'Altenpflege braucht mehr Gefühl, mehr Zeit', ist sich Wolfgang Kleiner (Immenstadt) sicher. Wie es um die Zukunft der Pflege bestellt ist, wollten er und Ehefrau Elisabeth beim 2. Allgäuer Sozialforum in der Kemptener Kultbox in Erfahrung bringen. Mit ihnen waren es mehr als 600 Besucher aus ganz Schwaben, die sich für die Referate zum Thema 'Zukunftschancen für Gesundheit, Vorsorge und Pflege' interessierten. Hinzu hatten im Foyer 33 Infostände unterschiedlichste Tipps parat. 'Bürger und Politiker gleichermaßen zu informieren und sensibilisieren', war laut Herbert Lochbrunner, Bezirksgeschäftsführer vom Sozialverband VdK-Bezirk Schwaben, die Intention für die Neuauflage dieser Sozialmesse.
'Wir haben es in der Hand'
Ein wichtiger Tenor während der ganztägigen Veranstaltung: 'Wir haben es in der Hand', betonte Pflegeexperte Claus Fussek.

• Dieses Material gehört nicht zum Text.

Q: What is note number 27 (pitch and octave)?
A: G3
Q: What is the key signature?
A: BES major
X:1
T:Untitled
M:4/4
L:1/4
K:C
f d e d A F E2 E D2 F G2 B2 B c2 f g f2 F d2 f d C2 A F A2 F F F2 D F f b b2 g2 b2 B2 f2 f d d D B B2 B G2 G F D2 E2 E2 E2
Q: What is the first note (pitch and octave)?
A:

Damit appellierte er an die Eigenverantwortung jedes Einzelnen innerhalb der Familie, der Kommune, des Bezirks. Mit zustimmendem Nicken folgten die Besucher Fusseks Worten: 'Wir brauchen einen Rettungsschirm für die Pflege.' Denn bei diesem Thema denke man in erster Linie an körperliche Betreuung, erst langsam werden Menschen mit Demenz als pflegebedürftig eingestuft.

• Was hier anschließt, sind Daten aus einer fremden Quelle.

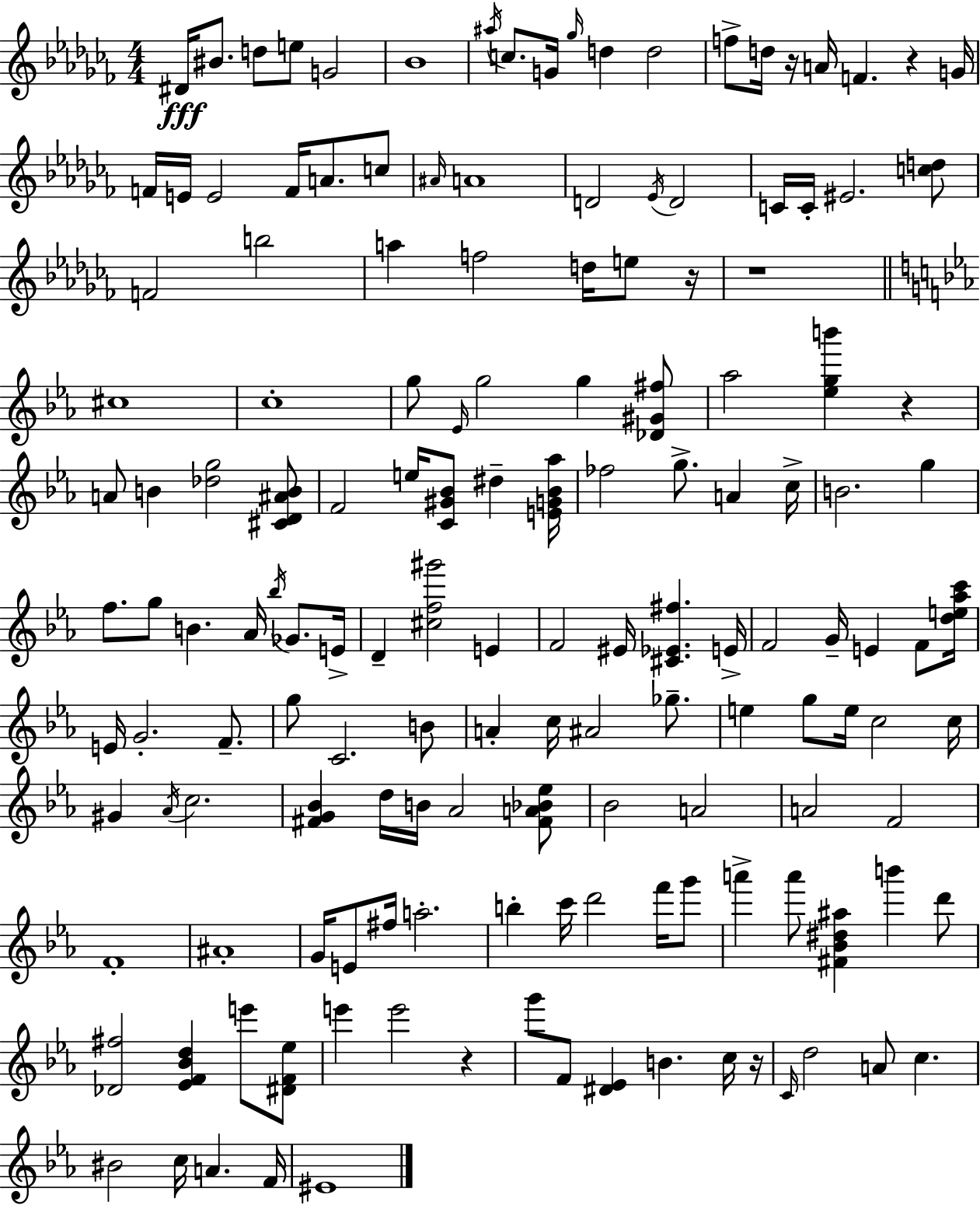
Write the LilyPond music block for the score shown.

In der Pflegestufe 0 gibt es seit kurzem 120 Euro Pflegegeld pro Monat. 'Ein Hohn', so Jürgen Stippler, VdK-Jugendvertreter aus Nördlingen: 'Damit kann man einen Angehörigen, der ein dementes Familienmitglied pflegt, nicht entlasten.' Pflegekritiker Fussek hielt folglich nichts von neuerlichen Kommissionen zur Definition der Pflegebedürftigkeit. Erika Winkler, ehemalige Stadt- und Bezirkstagsrätin stimmte ihm zu: 'Wir warten endlich auf Taten.'
Ulrike Mascher, Präsidentin des Sozialverbands VdK Deutschland und Vorsitzende des VdK-Landesverbands Bayern, sprach offen ihre Befürchtung aus: 'Wichtiger als der Umgang mit Demenz ist wohl der nächste Termin der Bundestagswahl.' Das sei bitter für die 1,3 Millionen Demenzkranken und ihre Angehörigen.

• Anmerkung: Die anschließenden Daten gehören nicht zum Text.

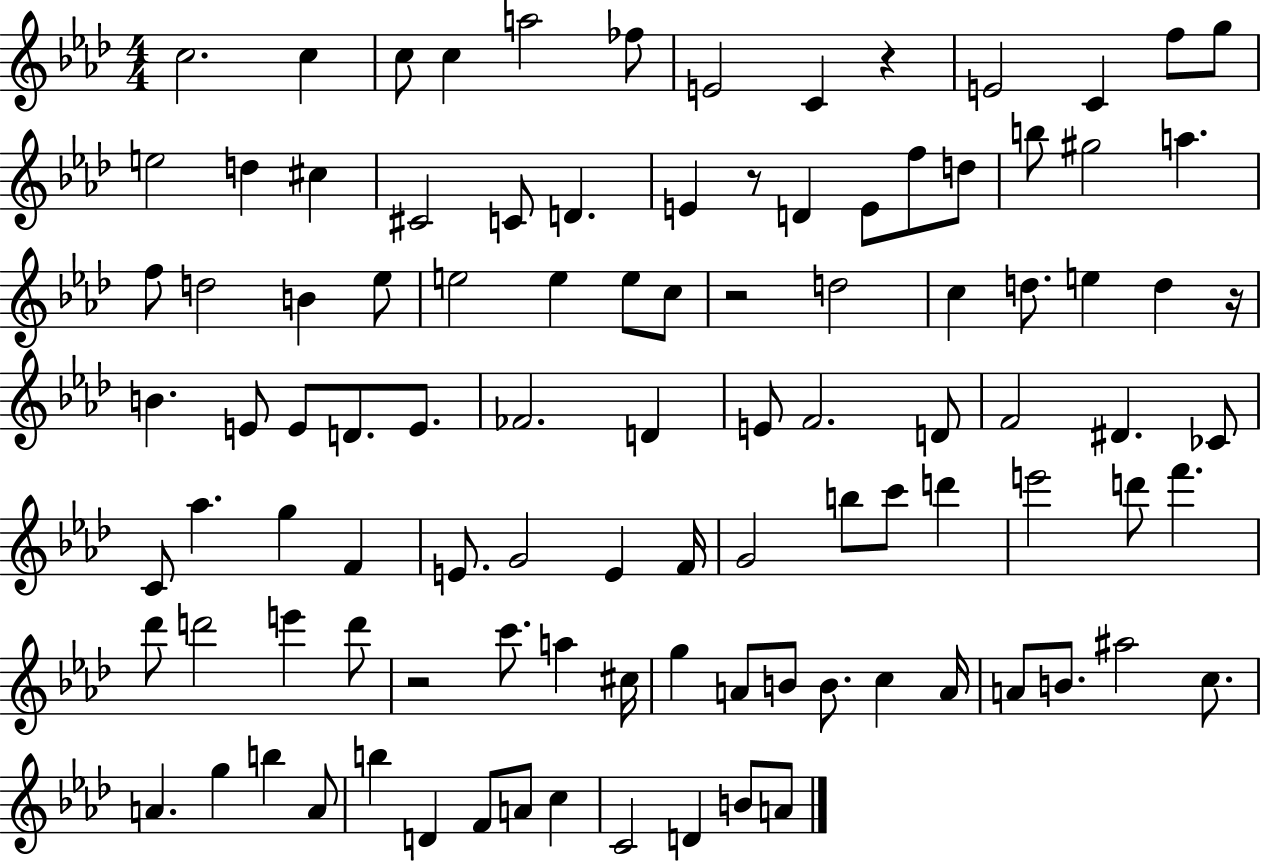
{
  \clef treble
  \numericTimeSignature
  \time 4/4
  \key aes \major
  \repeat volta 2 { c''2. c''4 | c''8 c''4 a''2 fes''8 | e'2 c'4 r4 | e'2 c'4 f''8 g''8 | \break e''2 d''4 cis''4 | cis'2 c'8 d'4. | e'4 r8 d'4 e'8 f''8 d''8 | b''8 gis''2 a''4. | \break f''8 d''2 b'4 ees''8 | e''2 e''4 e''8 c''8 | r2 d''2 | c''4 d''8. e''4 d''4 r16 | \break b'4. e'8 e'8 d'8. e'8. | fes'2. d'4 | e'8 f'2. d'8 | f'2 dis'4. ces'8 | \break c'8 aes''4. g''4 f'4 | e'8. g'2 e'4 f'16 | g'2 b''8 c'''8 d'''4 | e'''2 d'''8 f'''4. | \break des'''8 d'''2 e'''4 d'''8 | r2 c'''8. a''4 cis''16 | g''4 a'8 b'8 b'8. c''4 a'16 | a'8 b'8. ais''2 c''8. | \break a'4. g''4 b''4 a'8 | b''4 d'4 f'8 a'8 c''4 | c'2 d'4 b'8 a'8 | } \bar "|."
}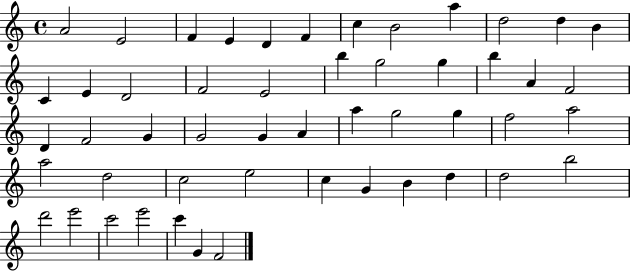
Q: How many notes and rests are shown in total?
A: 51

Sie forderte ein Familiengeld für pflegende Angehörige. Die Diskrepanz: 'Kindererziehung bringt eine Anwartschaft von 27 Euro, die Pflege eines Familienmitglieds etwa sieben Euro.'
'Wir brauchen Sie', wusste Staatsminister Thomas Kreuzer, Leiter der Bayerischen Staatskanzlei, die Leistung der ehrenamtlich Engagierten zu schätzen. Den VdK nannte er einen Partner im Dialog um soziale Gerechtigkeit. Markus Sackmann, Staatssekretär im Bayerischen Staatsministerium für Arbeit und Sozialordnung, blickte mit Sorge auf den Fachkräftemangel in der Pflege. 'Wir brauchen den Zusammenhalt der Generationen.' Pflegende Angehörige müssten unterstützt werden.
Veranstalter des Allgäuer Sozialforums waren die drei VdK-Kreisverbände Oberallgäu, Unterallgäu, Ostallgäu mit ihren insgesamt 22 000 Mitgliedern sowie der Schwäbische Geriatrieverband.
Das nächste Sozialforum findet am 13. April 2013 in Memmingen statt.